AXA Advisors Ordered to Pay $3.2 Million Over Ex-FA’s Alleged VA and Life Insurance Scheme
May 7, 2019 by Alex Padalka
AXA Advisors is on the hook for close to $4 million over alleged failures in supervising the variable annuity and insurance sales by one of its brokers and, in a separate case, alleged misrepresentations to 401(k) plan participants.
A Finra arbitration panel has ordered the firm to pay $3.2 million to a New York egg-farming family over an alleged variable annuity and life insurance scheme perpetrated by one of the firm’s former financial advisors, according to the law firm that represented the alleged victims.
Francesco Puccio, who was affiliated with AXA from 1999 to 2009 and again from 2011 to 2014, according to BrokerCheck, allegedly caused millions of dollars in damages to the Fitzpatrick family by rolling old insurance polices “stacked in egg carton boxes” that they weren’t aware of into newer and larger ones that paid him substantial commissions, the law firm Peiffer Wolf Carr & Kane says in a press release. In just one year, Puccio collected more than $200,000 in commissions, the law firm says.

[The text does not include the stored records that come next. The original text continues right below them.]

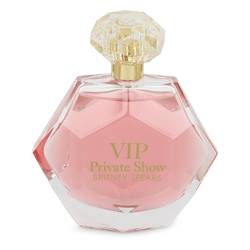 Vip Private Show Perfume by Britney Spears 3.3 oz Eau De Parfum Spray (unboxed)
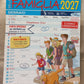 Calendario agenda della FAMIGLIA 2027
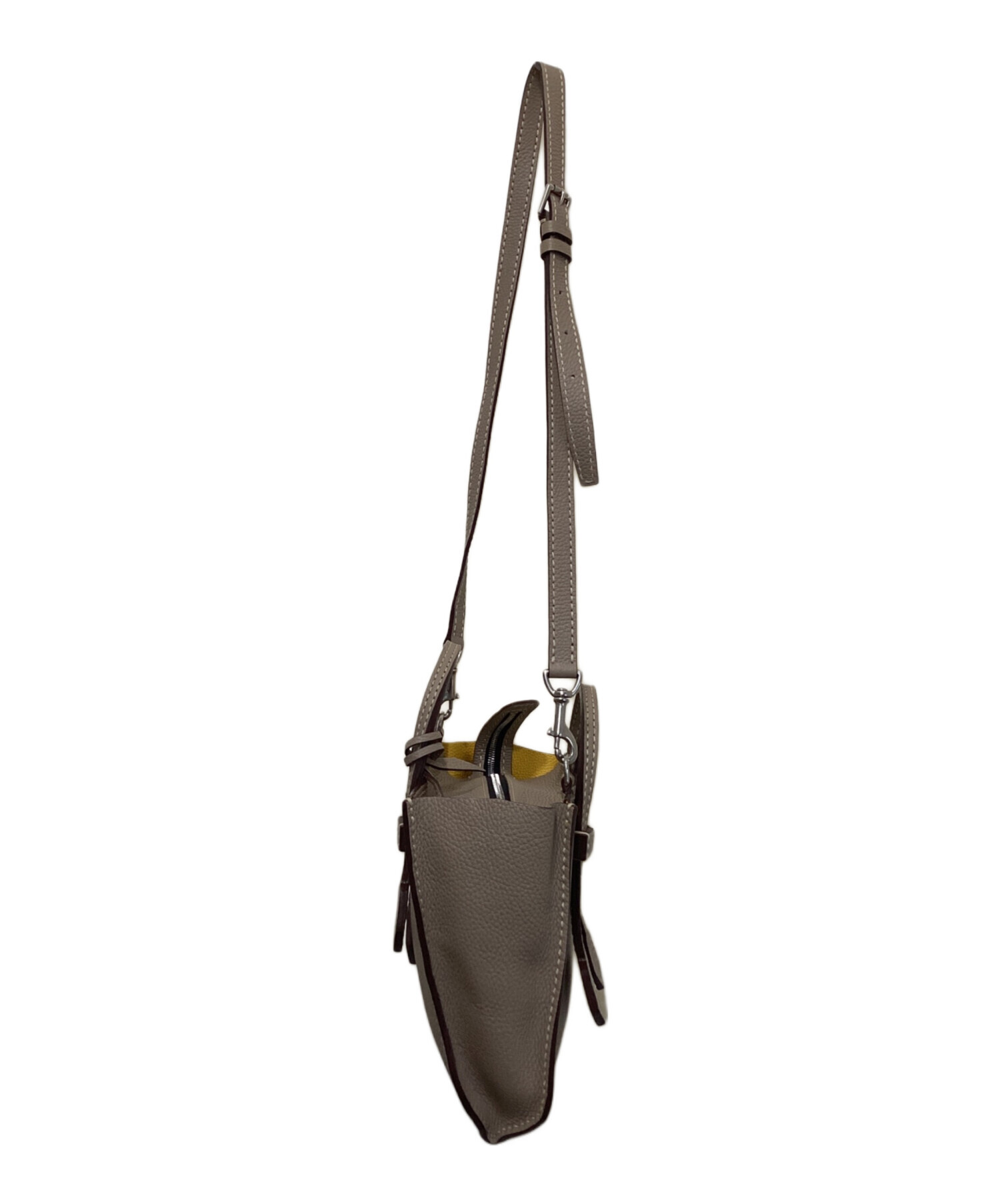 美品 モローパリ ビジネスバッグ 2way ブレガンソン モローネット モロー パリ/MOREAU PARIS バッグ メンズ BREGANCON MM ブレガンソン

“AXA sent a felonious broker to serve unsophisticated and elderly clients and then completely abdicated its supervisory obligations,” PWCK partner Jason Kane says in the press release. “Nonetheless, an unrepentant AXA contended throughout the arbitration that everything was ‘perfectly suitable’ and ‘beyond reproach.’ This elderly couple may have had wealth, but they did not have investment savvy. AXA and Puccio took them to the cleaners by recommending obviously unsuitable variable annuities and life insurance policies.”